Do MySQL transaction commits apply queries, or results? - mysql

If I start a transaction, run some queries, and then commit it, does the commit work by applying the results of the queries, or the queries themselves?
For instance, if my transaction contains insert into b select x from a, and the x changes after I run this query but before I commit the transaction, will the result be the value of x as it was during the transaction, or the value of x at the time of the commit?

Answer: x will have the value that it had at the timestamp of read.
To be more specific, commit is a part of the transaction, so you may not address it as during the transaction or at the time of commit, they are not two separate operation.
Clarification: Using transaction will ensure that all the operations within the transaction boundaries look atomic to outside world.
Atomic operation means that:
The operation should be either succeed or fail. There must not be an intermediary step in between. In particular, if a transaction starts and a failure (like power outage) occurs, it needs to rollback all the changes that it has made so far.
Also it means that outside world should see it as a single operation. If a transaction uses some values, all the values should be taken from the timestamp right at the start of the transaction. Similarly all the changes that transaction should make, will be available to outside world right after the timestamp at which the transaction ends. This is achieved by proper form of locking (exclusive, read or write) tables involved in the transaction.
So to be more specific regarding your question, when select x from a is called in a transaction, table a is locked till the transaction either commits or rolled back. The scenario you mentioned, x changes after I run this query (before transaction commits/rolled back), is not practically possible .

Related

Are changes made to DB only through transactions?

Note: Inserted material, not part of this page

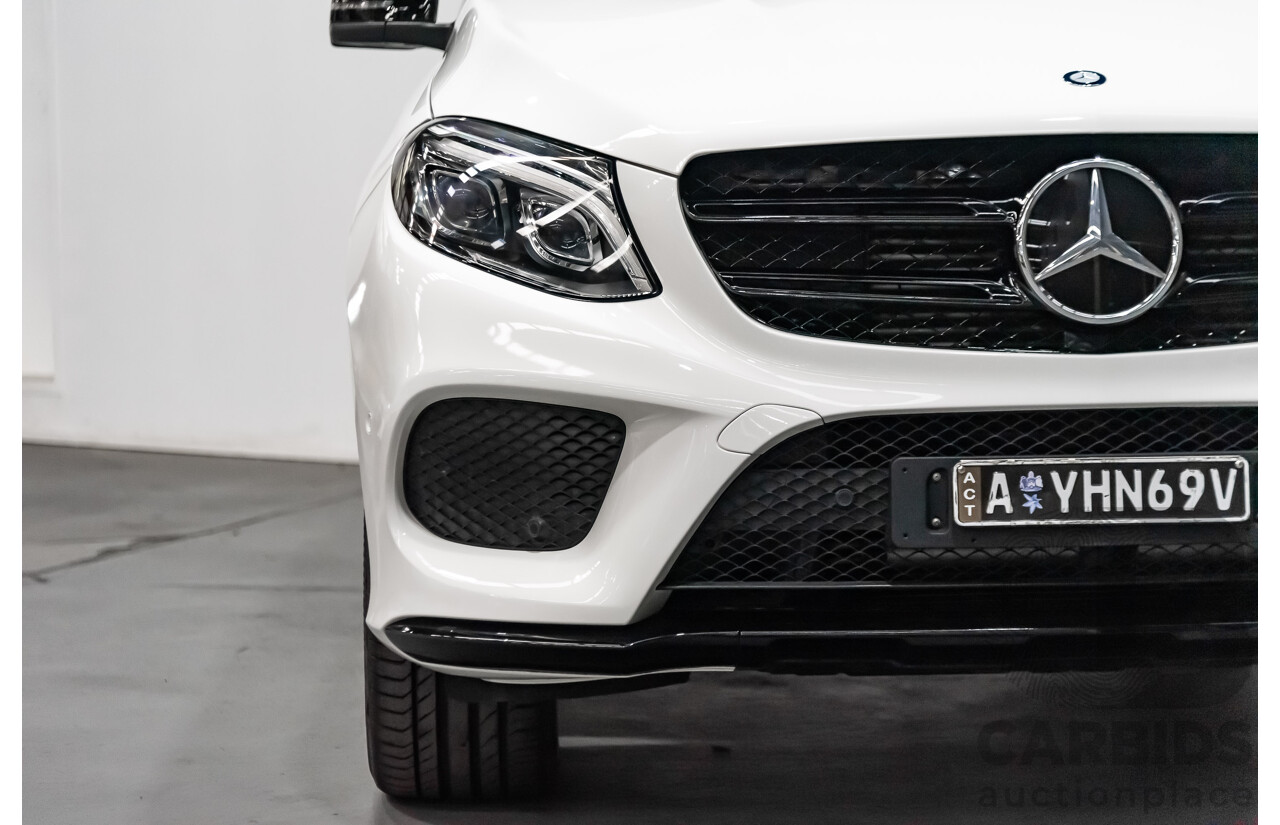 3/2017 Mercedes-Benz GLE 250 d 166 4d Wagon White 2.1L Turbo Diesel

I am not able to get a clear complete understanding regarding the role of transactions in databases.
I know operations clubbed in a transactions will be executed together and then either committed or rolled back.
But then what about about any other query that I write to the database without manually creating a transaction.
Is a transaction created internally for them?
Also what about select statements then? Are transactions created for them too?
I have been using database and sql for some time now, alas I am not clear on these
Are changes to DBs happening only through transactions? Short answer is yes.
There is always a transaction involved:
It might be automatically started (before) and commited (after) every single DML statement you issue, if you're relying on AUTOCOMMIT behaviour of your database session
Or you may explictly start one with BEGIN, execute your statements and end it with COMMIT
I like to think a transaction as a boundary that imposes clear semantics of ATOMICITY and ISOLATION to the statements that are contained within.
You describe atomicity (all or nothing behaviour) but that is not the only guarantee that a transaction can give you: there's also isolation (and this has to do with reads you within transactions (E.g. SELECTs).
In a concurrent application (many clients writing and reading to the same db/table at the same time), transaction ISOLATION is the property that defines "how much of the effects of other operations" can be observed in the current one. For example, assume you need to perform a transaction that involves doing the same SELECT multiple times: do you want this SELECT to return (possibly) different results each time (because some modification happened concurrently) or not?
For single statements is:
A single DML (UPDATE, INSERT...) statement by itself is effectively "As if it was in a transaction with a single statement, that gets immediately commited after execution" (Either it works like this because you're in AUTOCOMMIT, or you wrapped a single statement within BEGIN...COMMIT)
For a single SELECT it's the same. The transaction in this case (implicit or not, gives you the possibility of specifiying different isolation levels). It might sound strange to consider transactions for SELECTS, but requiring particular isolation levels might mean that the db is acquiring some lock to the data under the hood: committing the transaction in that case would release such lock.
Since you tagged mysql, here you can read on transaction isolations supported by mysql:
https://dev.mysql.com/doc/refman/5.7/en/innodb-transaction-isolation-levels.html
A SQL transaction is any statement that contains Data Manipulation Language (DML). That is, any statement that changes values in a table, such as UPDATE, INSERT, MERGE, DELETE, etc.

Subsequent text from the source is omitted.